§ EXERCISE AIM:
Repeat the listing that follows character for character, omitting images.

§ ENTRIES SUPPLIED:
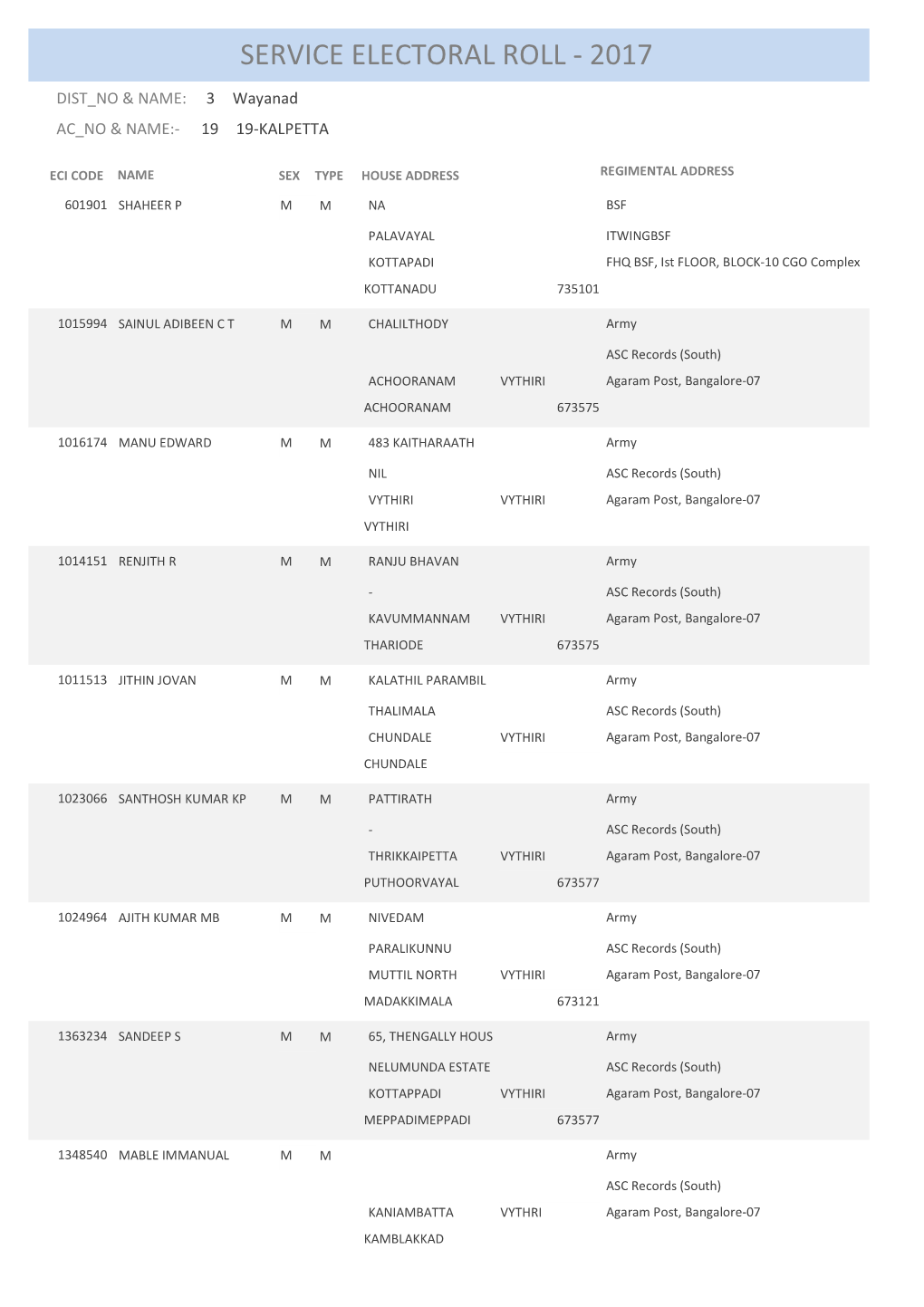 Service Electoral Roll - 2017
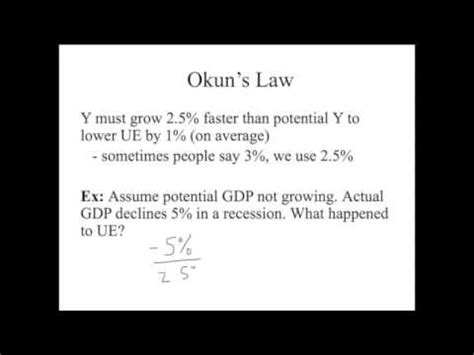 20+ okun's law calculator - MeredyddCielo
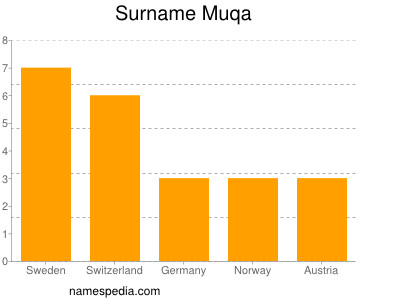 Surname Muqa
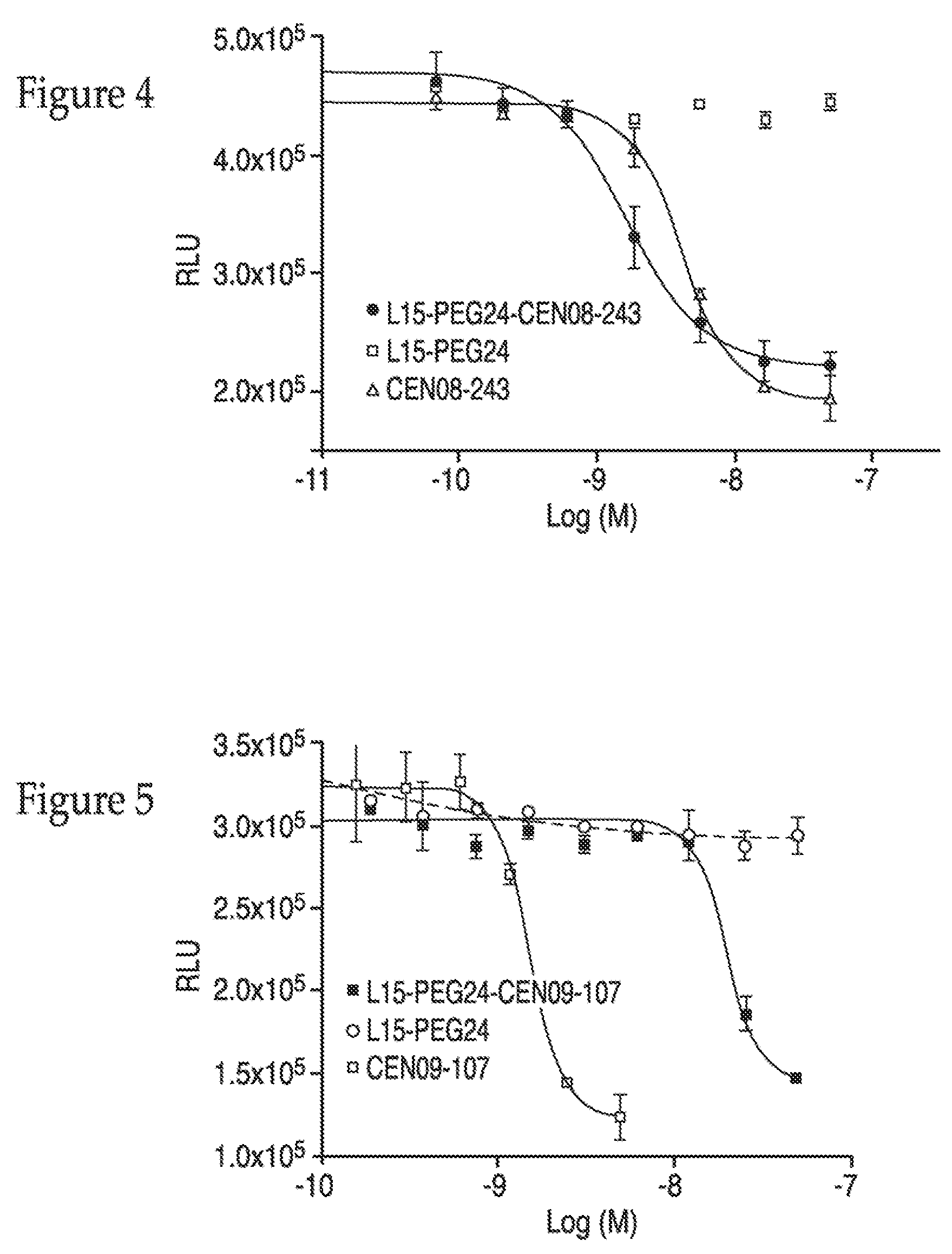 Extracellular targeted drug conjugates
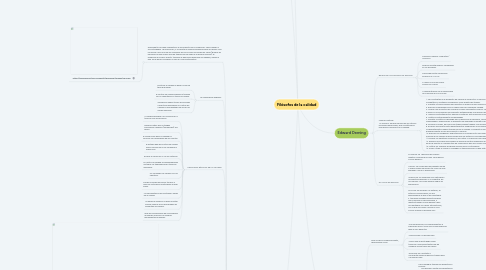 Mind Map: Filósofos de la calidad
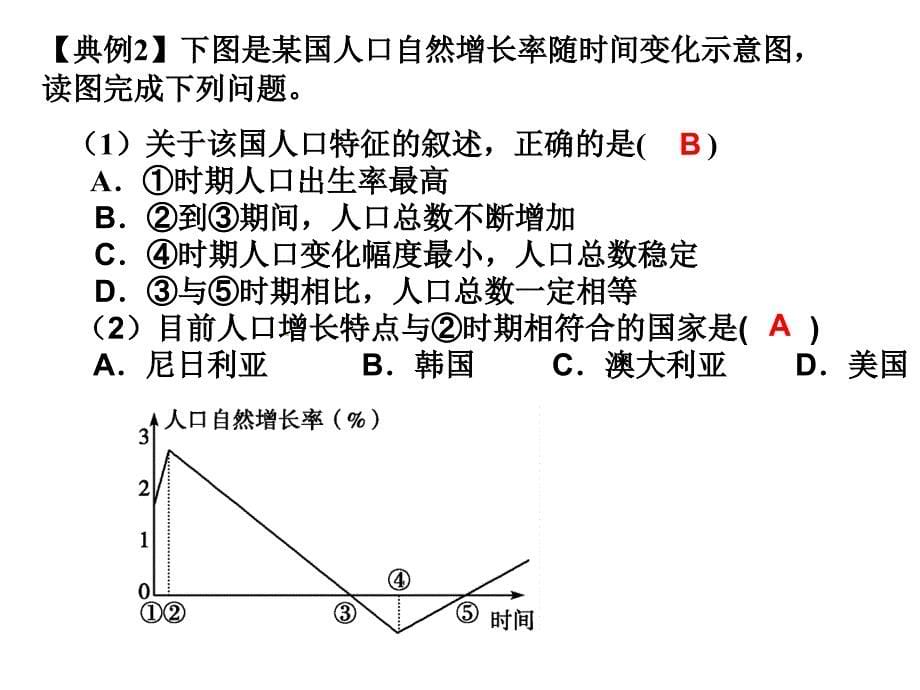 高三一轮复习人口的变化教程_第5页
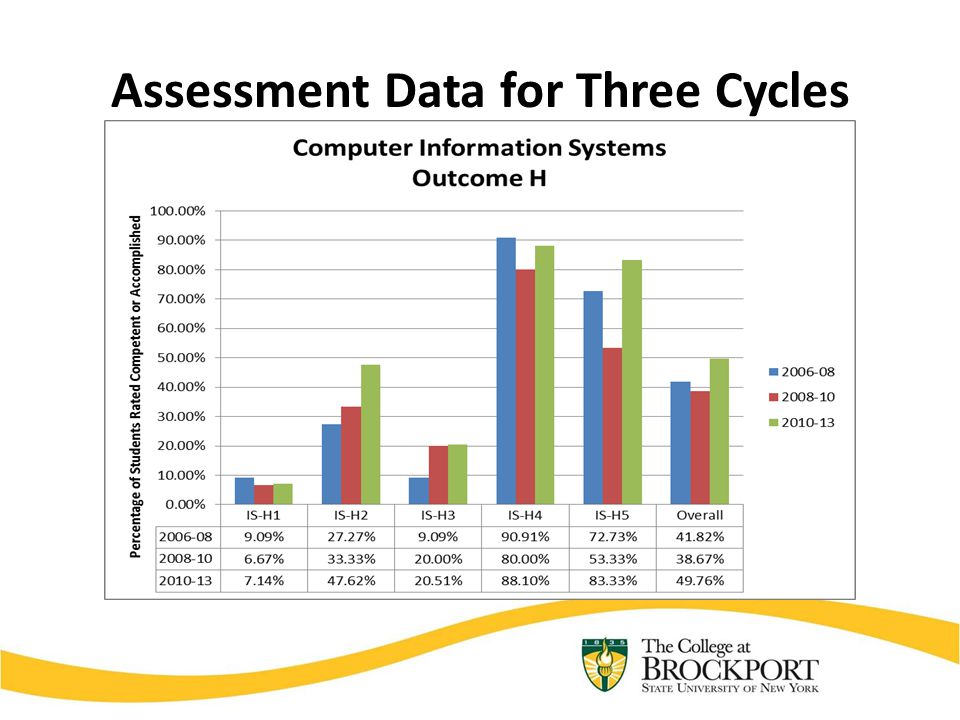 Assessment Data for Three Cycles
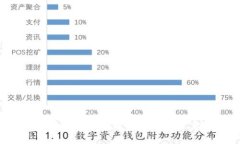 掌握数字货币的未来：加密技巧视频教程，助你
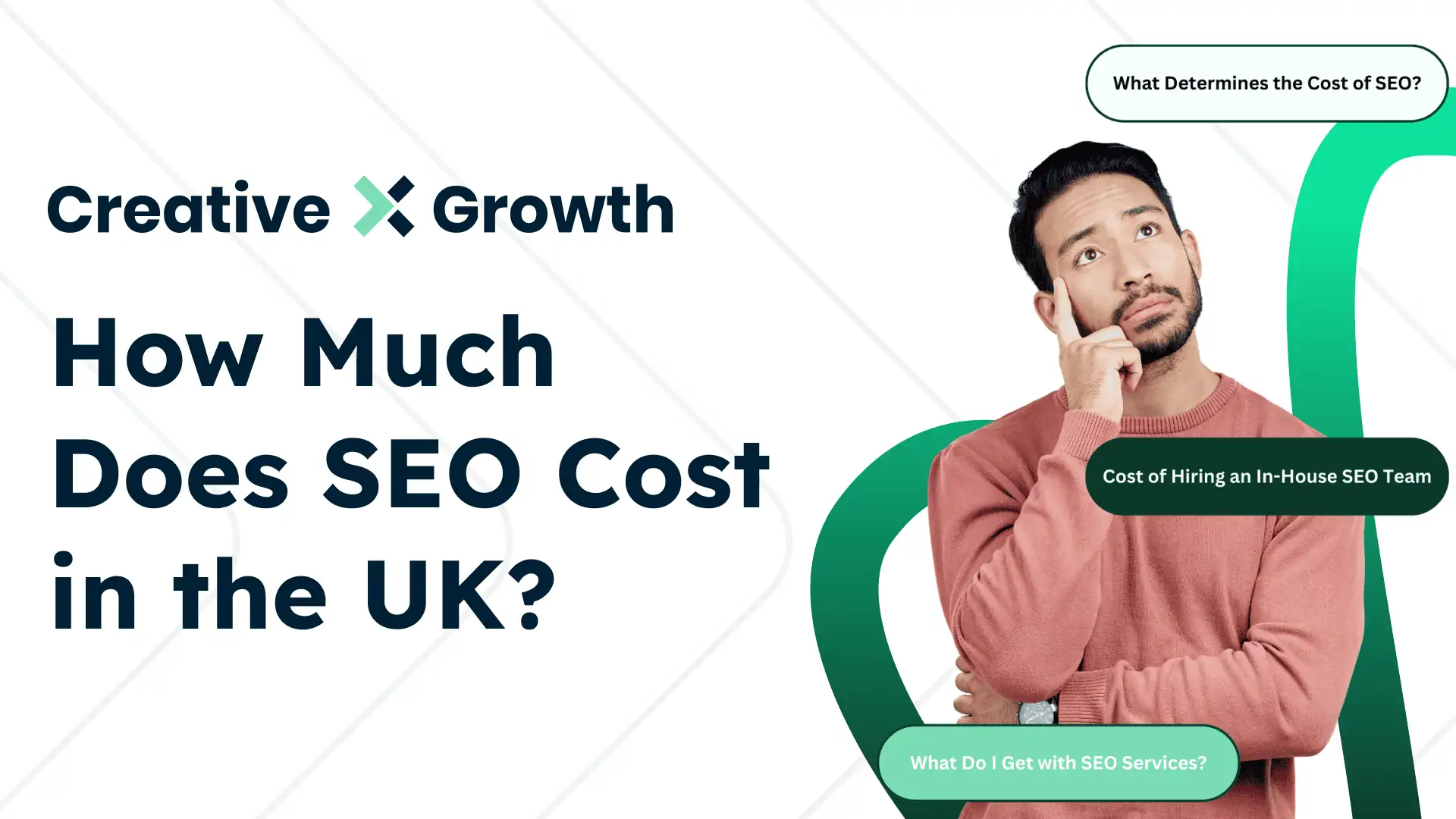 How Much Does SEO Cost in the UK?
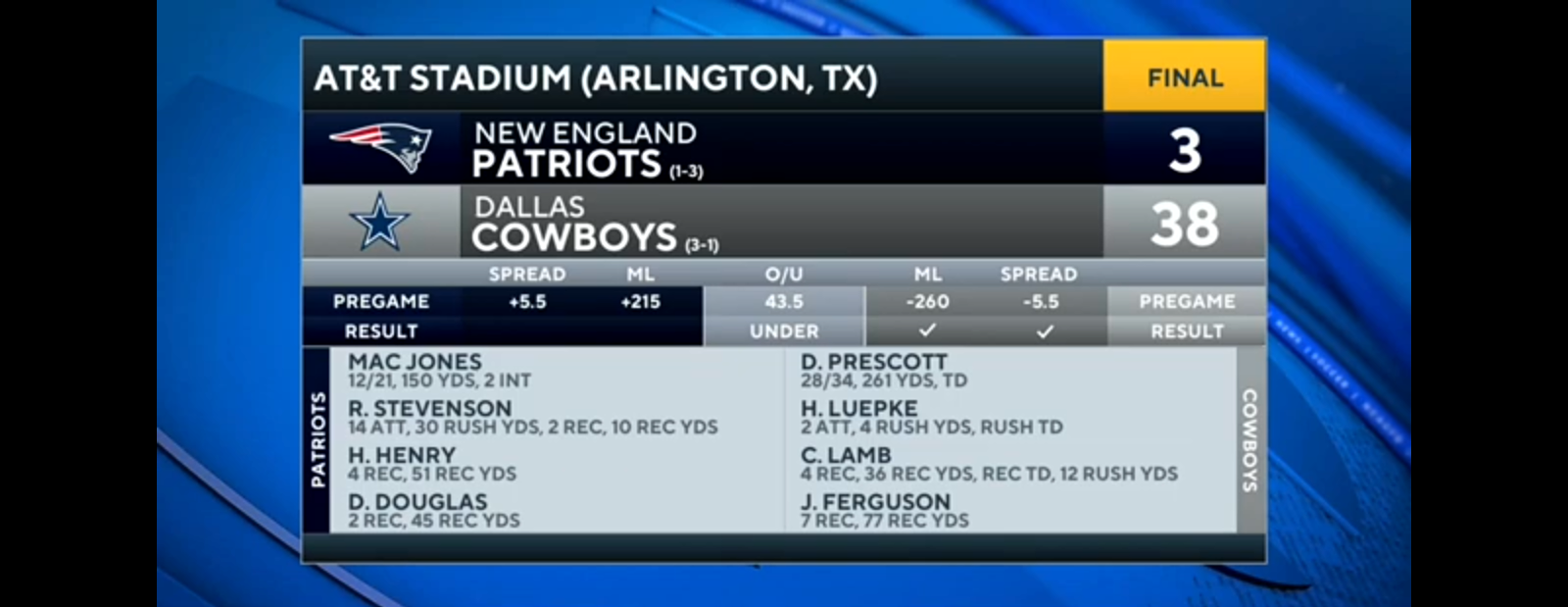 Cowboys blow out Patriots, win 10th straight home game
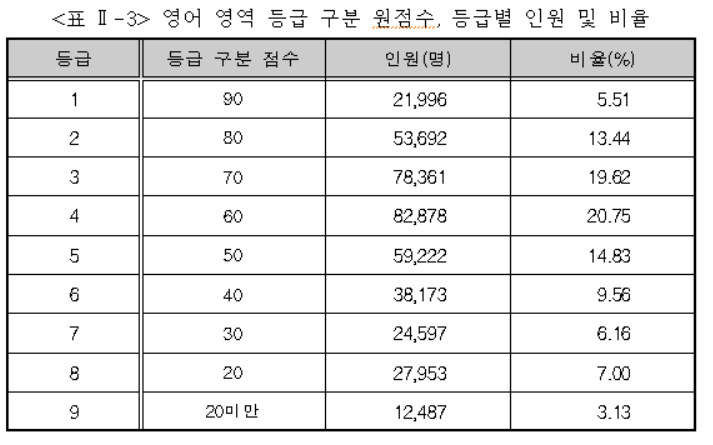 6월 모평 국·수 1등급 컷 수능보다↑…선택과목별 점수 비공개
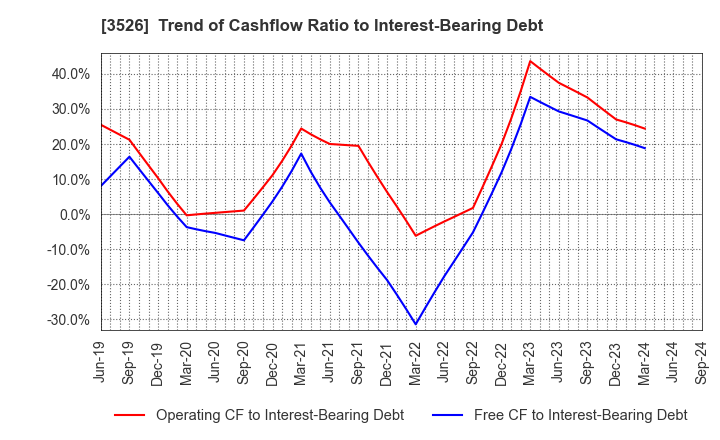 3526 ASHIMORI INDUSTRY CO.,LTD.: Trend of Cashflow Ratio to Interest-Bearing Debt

§ TASK RESULT:
 Service Electoral Roll - 2017
 20+ okun's law calculator - MeredyddCielo
 Surname Muqa
 Extracellular targeted drug conjugates
 Mind Map: Filósofos de la calidad
 高三一轮复习人口的变化教程_第5页
 Assessment Data for Three Cycles
 掌握数字货币的未来：加密技巧视频教程，助你
 How Much Does SEO Cost in the UK?
 Cowboys blow out Patriots, win 10th straight home game
 6월 모평 국·수 1등급 컷 수능보다↑…선택과목별 점수 비공개
 3526 ASHIMORI INDUSTRY CO.,LTD.: Trend of Cashflow Ratio to Interest-Bearing Debt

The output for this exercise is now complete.